Start of Data in this exercise
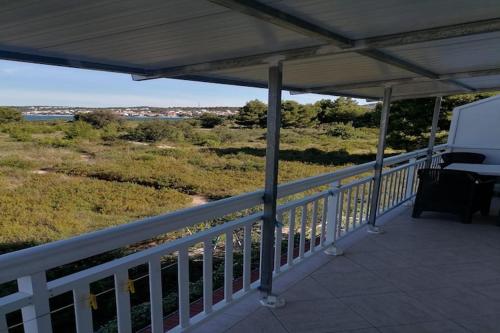 Apartments Libertas - One Bedroom Apartment with Terrace and Sea View - 10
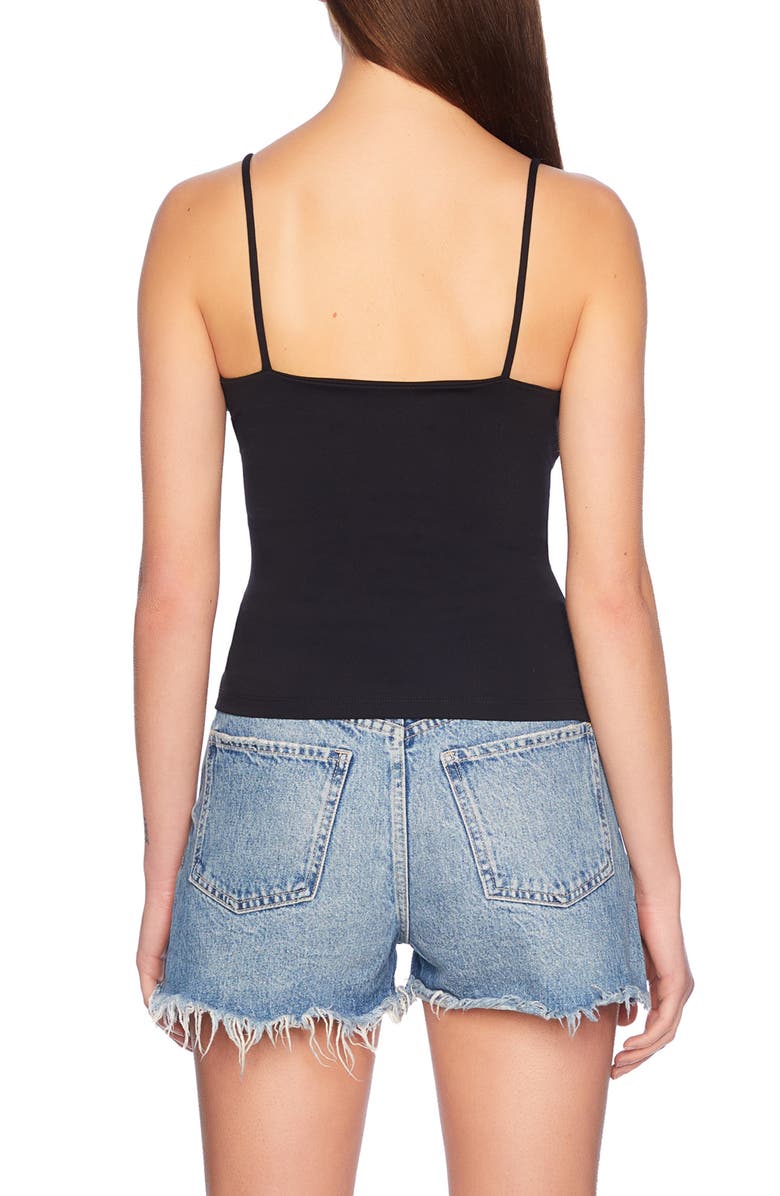 Susana Monaco Wrap Camisole, Alternate, color,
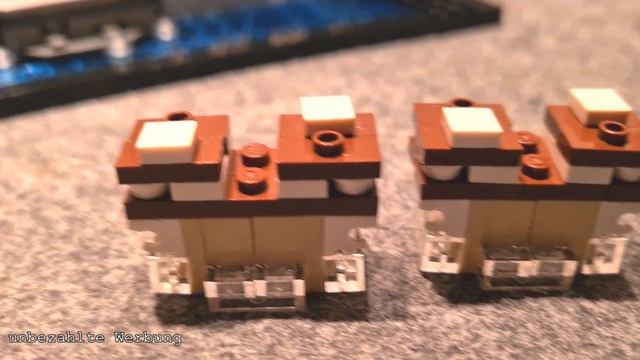 Architectur mit Minibricks? Geht voll in Ordnung! - LOZ - London Tower Bridge- Speedbuild & Review смотреть онлайн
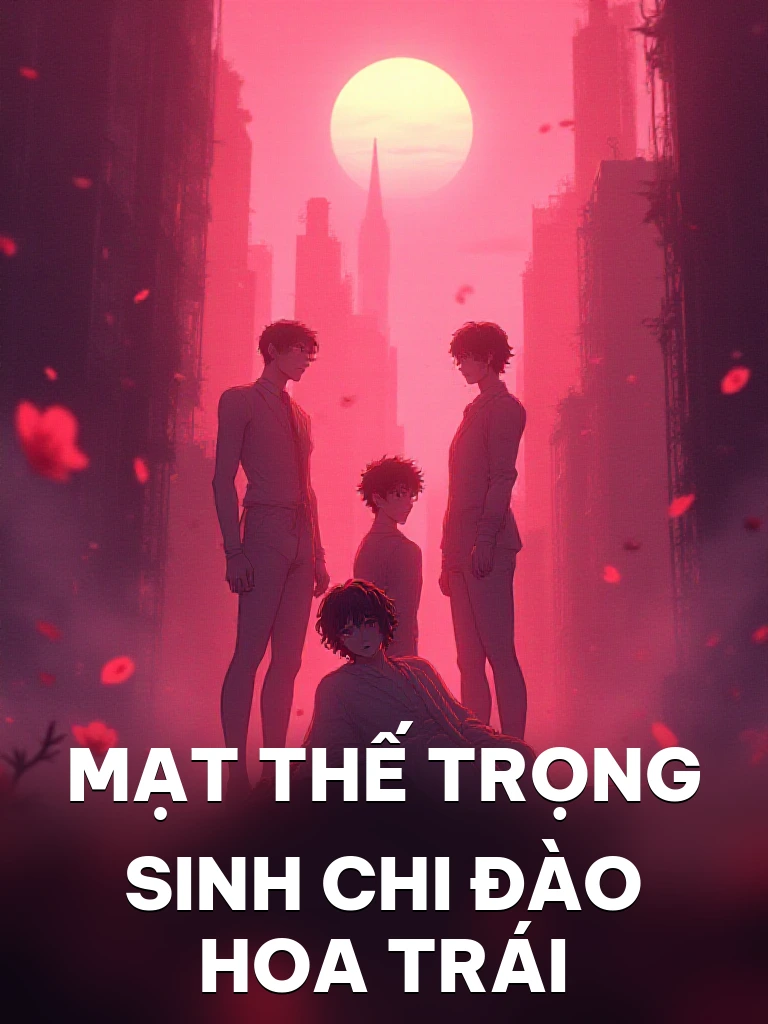 Mạt Thế Trọng Sinh Chi Đào Hoa Trái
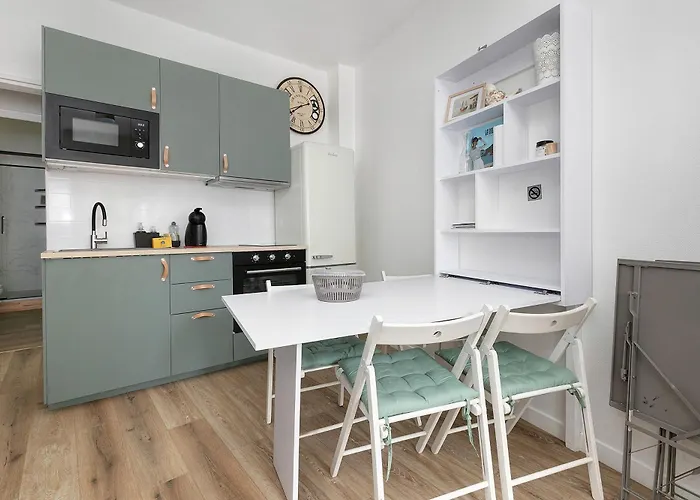 Apartment T2 D'anne Proche Et Marche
End of Data in this exercise
= Required action =
Without the pictures, copy all of the entries exactly as they appear.

= Response area =
 Apartments Libertas - One Bedroom Apartment with Terrace and Sea View - 10
 Susana Monaco Wrap Camisole, Alternate, color,
 Architectur mit Minibricks? Geht voll in Ordnung! - LOZ - London Tower Bridge- Speedbuild & Review смотреть онлайн
 Mạt Thế Trọng Sinh Chi Đào Hoa Trái
 Apartment T2 D'anne Proche Et Marche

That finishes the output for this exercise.